Этого единственного кадра мало — и в то же время это всё. Это зерно, из которого вырастет моя реконструкция фильма. В фильме истинного гения, в идеальном фильме, идеальны все кадры до единого, идеально связанные с идеальными кадрами по соседству. Мало-помалу — кадр за кадром, — высчитывая следующий идеальный кадр в каждом направлении, я смогу воссоздать этот идеальный фильм, просто спросив себя «Что дальше?» 186 624 000 раз. Просто? Ха! Но возможно. Но осуществимо. В конце концов, в анимированном фильме нет ничего произвольного. Каждая капля дождя, то, какого она размера, с какой скоростью падает, куда приземляется, — все это выбор Инго. Я пройду по его идеальным следам. План! У меня есть план. Но сперва еще нужно возрыдать. Из-за шока, из-за ужаса при виде произошедшего я забыл отдать должное этой великой утрате для меня лично и для мира в целом.

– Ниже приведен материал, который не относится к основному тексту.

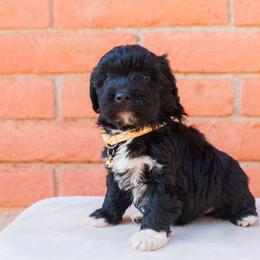 Aussiedoodle and Goldendoodle Puppies from Ever After Doodles Arizona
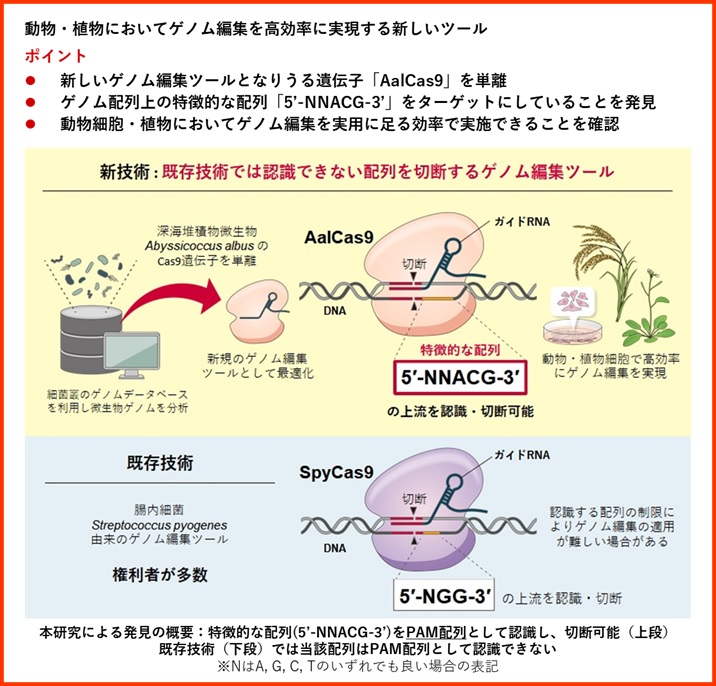 ポイント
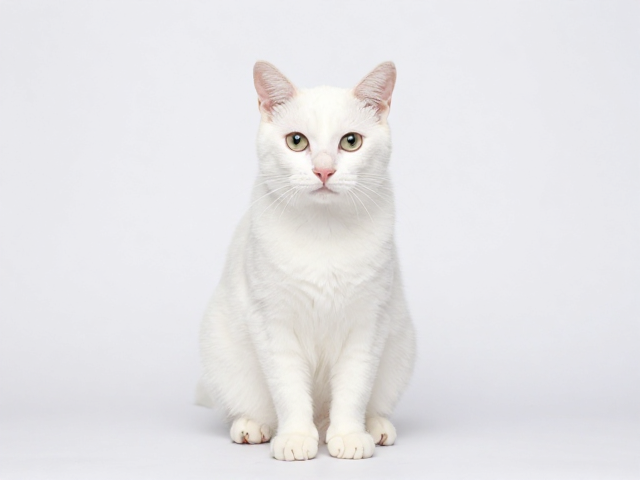 猫咪体色纯度与瞳孔垂直水平关系,身体比例协调的颜值秘密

Но пока я не принес этому фильму широкую известность, я единственный на Земле знаю, что по нему надо скорбеть. Я единственный знаю, чего у нас больше нет. И потому рыдаю в одиночестве. Неприкрыто, в этой прокопченной комнате, на глазах управдома, возможно, даже на глазах обгорелого призрака Инго — его труд жизни пропал вмиг, а забравший его пожар зловеще предугадан в анимированном изображении Инго пожара в хранилище «Фокс» 1937 года, а также равно душераздирающем воссоздании пожара в хранилище MGM 1967-го, когда было утрачено так много важных фильмов, включая шедевр на тему гипноза «Лондон после полуночи» от неподражаемого вундеркинда Тода Браунинга, где гипнотизер гипнотизирует своим гипнозом других, чтобы они кого-то убивали или что-то там такое. Не уверен. Никогда не смотрел. Потому что единственная копия утрачена в 1967 году из-за пожара в хранилище! А еще потому, что мне никогда не нравился Браунинг, так что я бы все равно не смотрел.